Living for Now
I had a generally good Late Summer Bank Holiday weekend and I learnt some things about living for today. Accepting loss of people, things and what one once was are important parts of the recovery from depression.
I was able to get more into a leisure and domestic holiday mood rather than trying to work. As a result I got a lot of jobs done around the house and identified work needed on a car and other bits and pieces. We had a good weekend socially as well. But I was not satisified.
Restless and Lacking Direction
I am restless and do not really seem to know what I want from the rest of my life. I am still rather locked into the driven person that I once was but the path I was on is no longer available. It leaves me with a sense of uncertainty and discomfort even though I have some ideas which I suspect I have not fully accepted.
It was brought home to me over the holiday weekend when Alison and I went out for walk at the local nature reserve. Despite it being a very pleasant, early morning on a late summer day I was irritable and not really enjoying the walk. There was a feeling that I could be doing something more useful, there was nothing to see and I did not really want to be there but felt duty bound to join Alison.
I should have been able to enjoy the moment, simply mindful of what was around me.
Nothing to see – that rather says it all about my state of mind.

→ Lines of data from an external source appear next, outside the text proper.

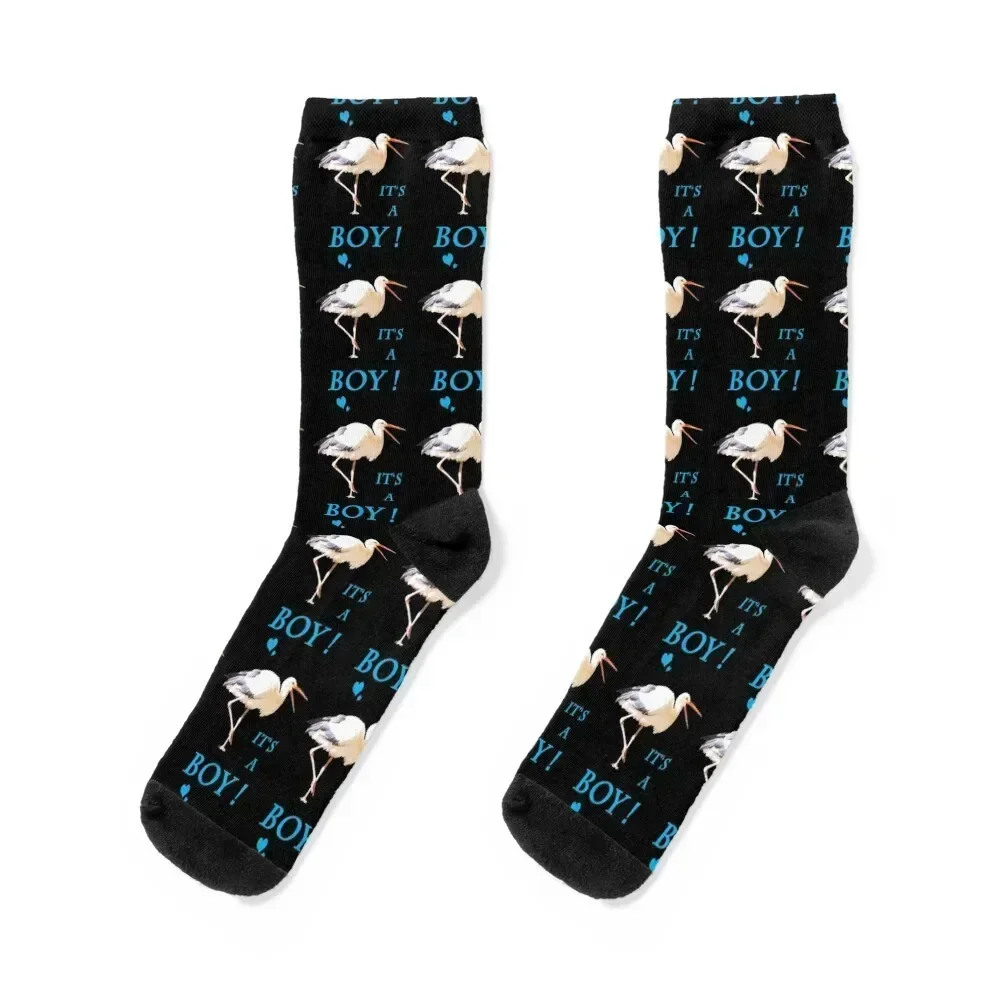 

Gift It's a boy Socks ankle hiking halloween Designer Man Socks Women's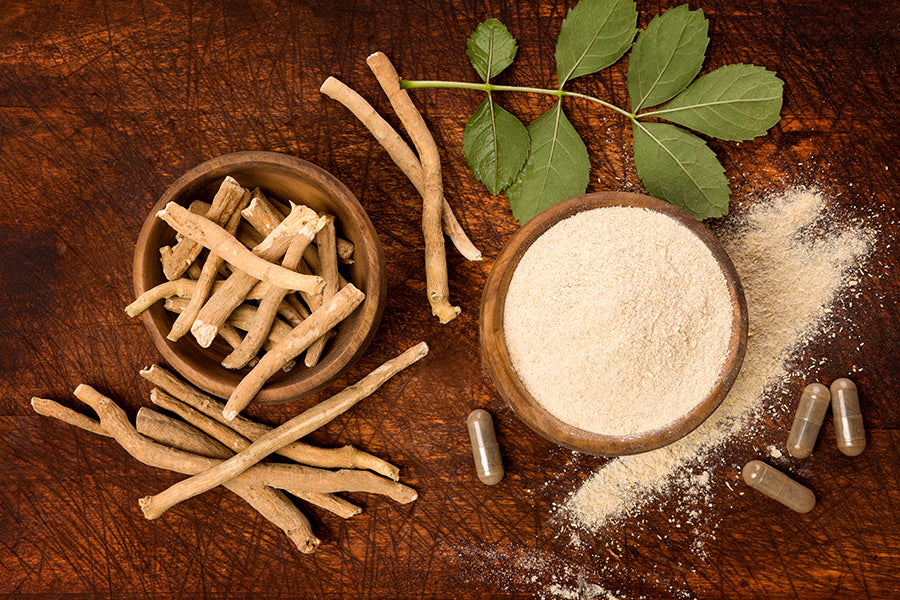How Long Does Ashwagandha Take to Work? Explained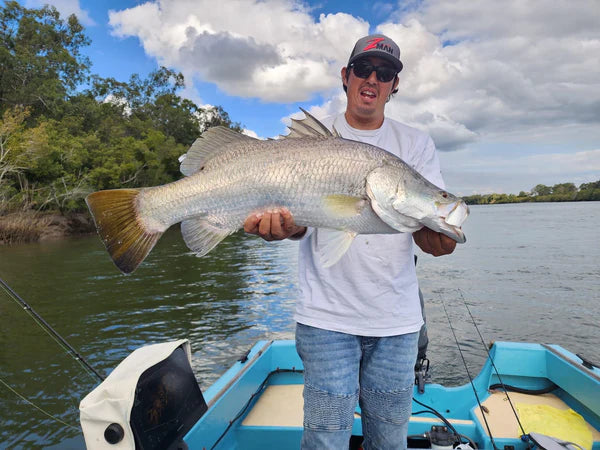 Fisho’s Weekly Fishing Report  – 9th June, 2023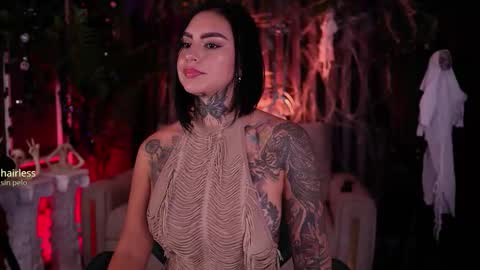   online show from October 2025 08:20:01 PM
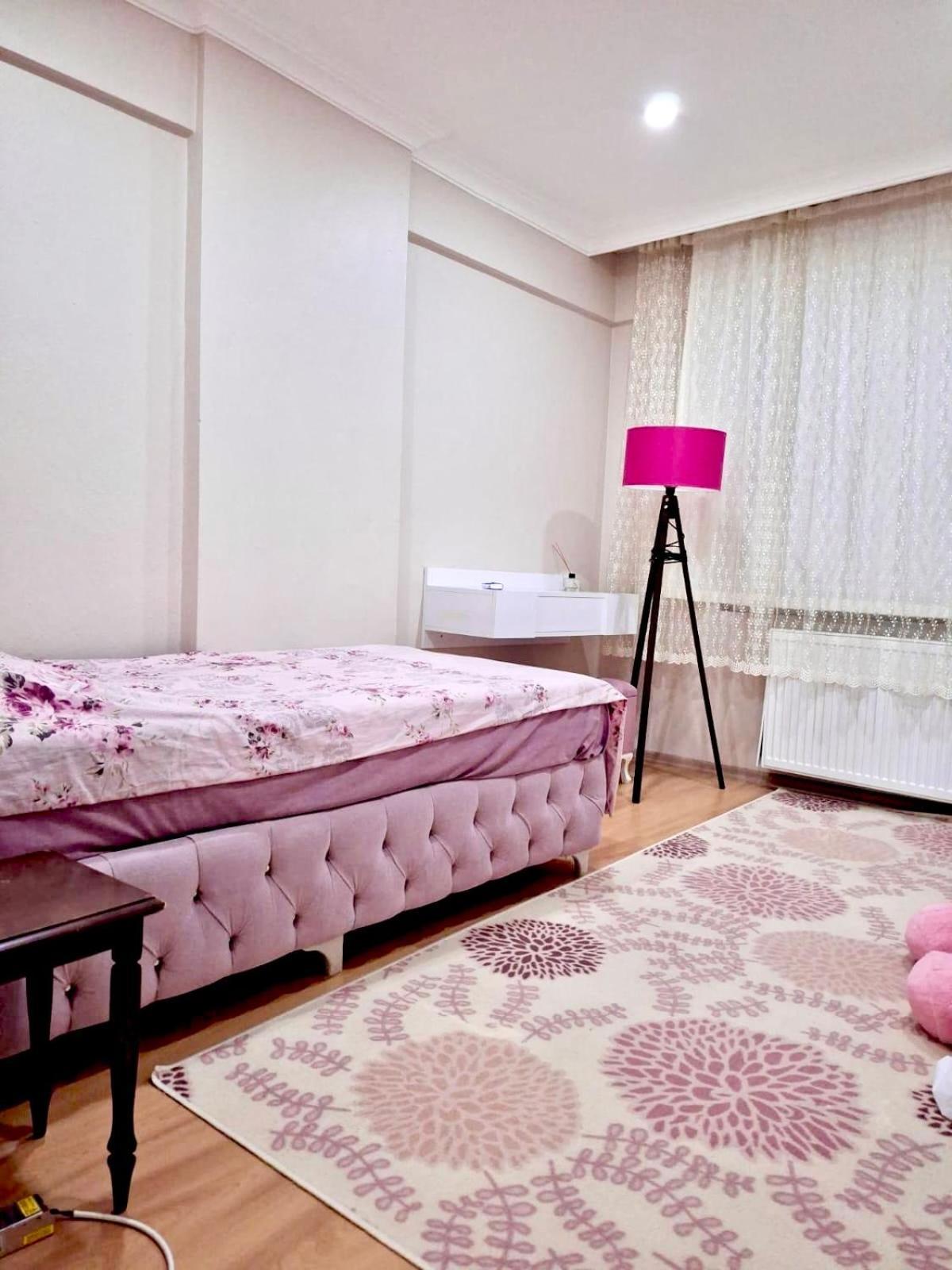 Barbie Room - Girls Only Istambul Extérieur photo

Nature was abundant; there was wildlife, plants were in flower and fruit on the trees, all under a blue sky. Our small part of the world was in good health. The problem was I could not get in the “now” and just Be. My conscious mind was getting in the way and not allowing me to simply enjoy the simple pleasures, to be simply mindful of everything around me. As Philip Zimbardo identified in the Time Paradox I am future oriented which is where my drive has come from. With the changes I am experiencing, and want to happen, I should be more comfortable when I can become more present oriented.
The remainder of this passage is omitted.